*** Begin section ***
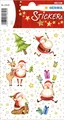 HERMA 15629 Aufkleber Weihnachtsmann, 30 Stück, Weihnachten Sticker mit Nikolaus
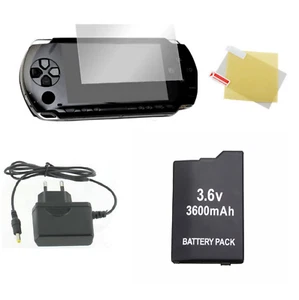 Pack Démarrage PSP 1000 1004 : Chargeur Secteur, Batterie et Film protection - Photo 1/6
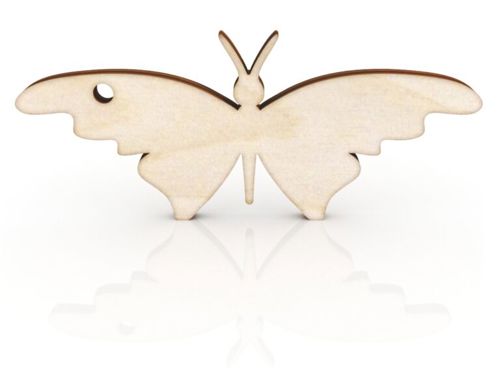 طرح جاکلیدی پروانه‌ای برای برش لیزری - butterfly keychain for laser cut ve - برای دستگاه CNC چوب و لیزر (سی ان سی)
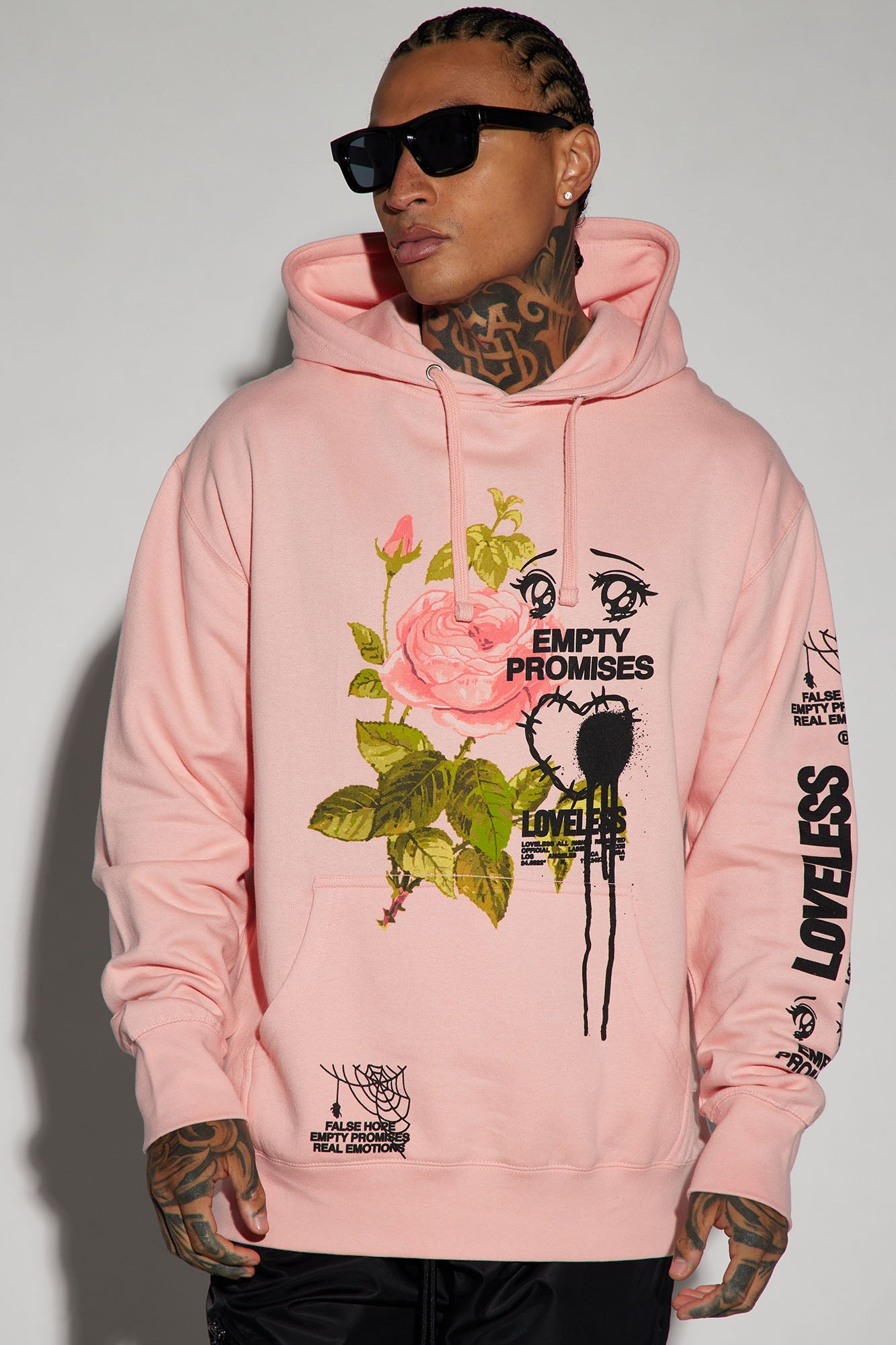 Empty Promises Hoodie in Pink: Stay Stylish and Cozy
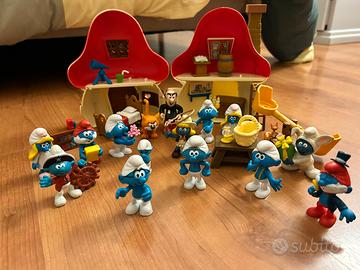 Casetta dei puffi + puffi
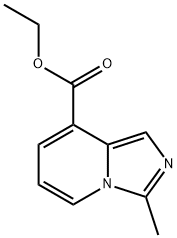 Imidazo[1,5-a]pyridine-8-carboxylic acid, 3-methyl-, ethyl ester Structural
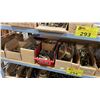 Image 4 : SHELF OF ASSORTED BRASS/BRONZE VINTAGE MARINE HARDWARE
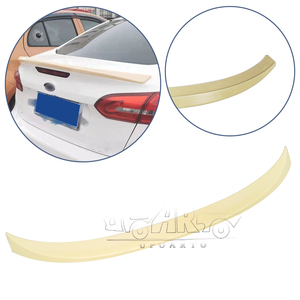 Kit carrosserie intégré pour l'industrie et le commerce, aileron arrière en fibre de carbone ABS pour Ford Focus MK3.5 berline 2015 2016 2017 2018 - Product Image 1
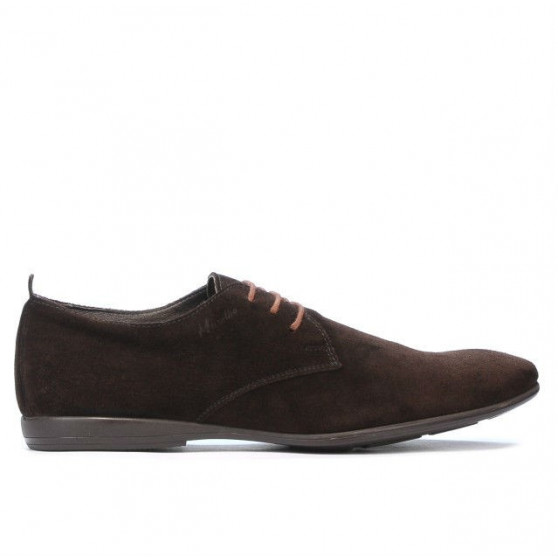 Scarpe casual uomo 794 caffè velluto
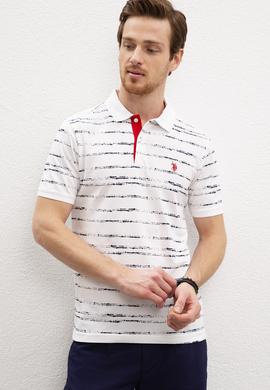 Erkek Beyaz Polo Yaka T-Shirt - 50217899013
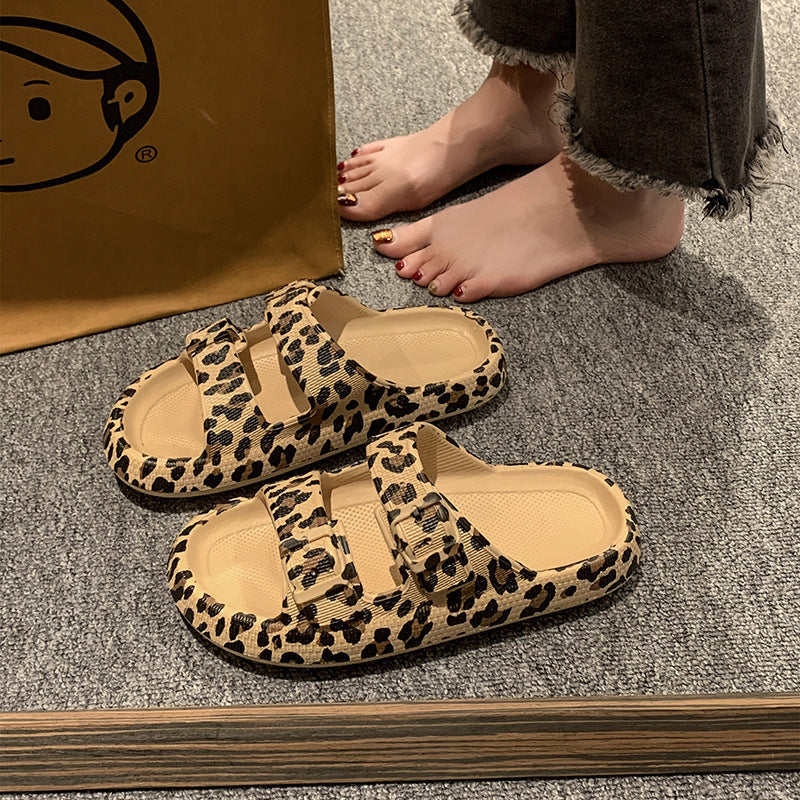 Luvora Leopard Walk - Sommer Schlappen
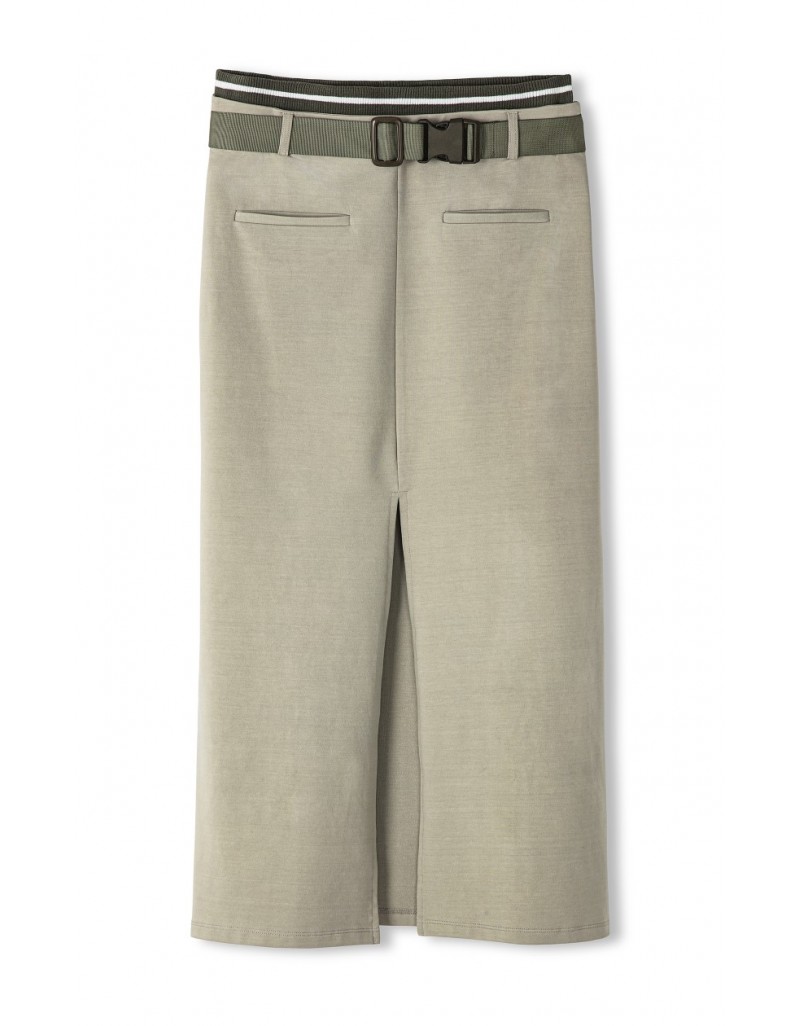 Belted Midi Skirt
*** End section ***
**YOUR OBJECTIVE**
In the listing above, find the line containing "Image 4 : SHELF" and the line containing "Kit carrosserie intégré", then return both of them and every line between, exactly, without pictures.

**ANSWER TO THIS TASK**
 Image 4 : SHELF OF ASSORTED BRASS/BRONZE VINTAGE MARINE HARDWARE
 Kit carrosserie intégré pour l'industrie et le commerce, aileron arrière en fibre de carbone ABS pour Ford Focus MK3.5 berline 2015 2016 2017 2018 - Product Image 1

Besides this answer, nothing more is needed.